Here are what I think are the elements of mood here: Bill won’t tell the dirty joke to his audience (a woman), but he will share it with Miss Dewey, who reads the note. Bill is in the middle of hornswaggling some people, and switches to a redneck speech pattern. Bill’s remembering this moment with fondness, both for Miss Dewey and for his own cleverness.
The third-person narrator in the frame story started out as just me, flailing around. Then I realized there was one character common to all the scenes (Mimi). I used her voice to color but not control the scene – it’s as if she were telling the story but referring to herself in third person. She’s not as great a narrator; she’s too observant, too unemotional, and too willing to not jump to conclusions. And Bill’s POV is still coloring the scenes.
Bill said, “God damn it” and beelined over to the man, jerking him upright and hissing angrily at him. The man, whose filthy, ragged shirt and pants were smeared with either wood stain or blood, grabbed Bill’s arm hard. Bill sagged at the knees, wincing, and the man had to hold him steady. Bill passed a hand over his heart and shook his head, then pointed the man toward a side door. The man slumped away, almost tripping over his own feet, pulling himself along table by table.
Mood: Mimi isn’t as experienced a storyteller as Bill; she’ll tell instead of show. She’ll use adverbs. She doesn’t know whether the goop on the guy’s clothes is blood or wood stain and is unwilling to judge until she finds out for sure (although where or why the guy would have been in contact with wood stain is anybody’s guess). She sees action, not emotion, and doesn’t react as much to what’s happening, even though what happens here surely upsets her. At this point in the story, she’s at her limit. Her sense of humor has been sucked out of her (not that the reader can know this, at this point, but the reader will find this out later). All she has left are the facts, with which she’s trying to figure out what Bill’s up to.
So what’s the difference between POV and mood? Here’s Bill again:
I was upstairs in my bachelor pad sleeping off the celebration for passing my inspection when the phone rang down in the bar. I didn’t stay awake for more than a few seconds, just glanced at the clock and yelled at the drunks to go to bed. The next time the phone rang, I was having this dream about knocking the inspector on the floor and making him eat fruitcake, so I ignored the noise and went back to sleep, smiling.
My guess is the narrator depends on the POV and mood depends on POV, so POV and description are like a hurricane and flooding, like a blizzard and frostbite.
Mood is a great tool for foreshadowing, too. Here’s Bill’s next paragraph:
The next time the phone rang, I wasn’t smiling, because the inspector had turned into a zombie after I fed him the fruitcake. And when I went back to sleep, I dreamed the inspector’s fat zombie wife was chasing me with a hook on a rope, and I was up a tree. The phone rang again, and I’d fallen into a river, but the zombies had floated down after me. I bet you didn’t know zombies float.
Fruitcake is no good for you, by the way.

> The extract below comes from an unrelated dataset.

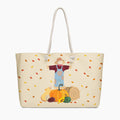 A cream-colored tote bag with white rope handles, featuring a printed autumn-themed illustration of a scarecrow standing behind a pumpkin with falling leaves. Staged on a light-grey background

I didn’t write this section because I needed a way to show what the story was going to be like (foreshadowing), but it worked out that way. I actually had that dream (sans fruitcake), and it sounded like exactly the kind of thing Bill would dream about (but with the fruitcake). Also, I wanted to show Bill not getting out of bed when the phone rang. That’s what answering machines are for, right? I know you’re not supposed to start out a story with a dream. You’re also not supposed to put a story in a bar. And there are any number of other “rules” I broke, okay?
Bill knows how the story is going to go. And, at this point in the story, he wants to tell the story, knows it’s unbelievable, knows his audience has to sit there and listen, yet wants to impress her. So he’s trying to make her laugh, trying to set her up for just how strange this is. He knows who is audience is and wants specific things from her, wants the story to do specific things to her. And he’s determined to push through the situation, live or die, until he can’t go any further. (I’m a sap for perseverance.)
By the end of the story, his attitude has changed a little; he’s drawn strength from telling the story and is comforted that everything he’s done won’t just disappear, even if what he’s planning doesn’t work.
The lines went on and on, and we were down to champagne glasses and coffee mugs. Mel wove through the crowds and picked up what empties she could find and ran them through the sink. In the end, I had to send a couple of people over to the courthouse to pick up styrofoam cups, two per customer. But we made it.
Mimi, too, has changed by the end of the story.
The heat held through September into October, with day after day of 90-degree heat. Already-dead grass turned gray. The wind ripped like a blizzard across the gullies and brush, calling up dust devils and making people wince every time they went outside. The fire department volunteers froze every time the phone rang.
She’s done. She doesn’t know what’s happened, but she feels overwhelmed by failure nonetheless. She’s doing the wrong thing. But she isn’t limited to what she’s seeing, moment by moment. She uses metaphor instead of adverbs. (I didn’t do this on purpose; I just tried to see things from her POV.)
Mimi’s attitude changes again, but I couldn’t find anything that didn’t give away the plot. That’s right – just the feel of the description, the mood, gave away how things were going to go.
In conclusion – mood comes from the narrator, and how the narrator feels about the story, which the narrator communicates via what the narrator notices and doesn’t notice. Two people seeing the same scene report it differently; how they report the scene is the POV, which is made up of the narrator’s mood coloring or flavoring and even selecting the events reported. Mood can change or not throughout the story, depending on whether the narrator’s feelings about the story change. In the end, mood is the narrator telling the audience how to feel about the story.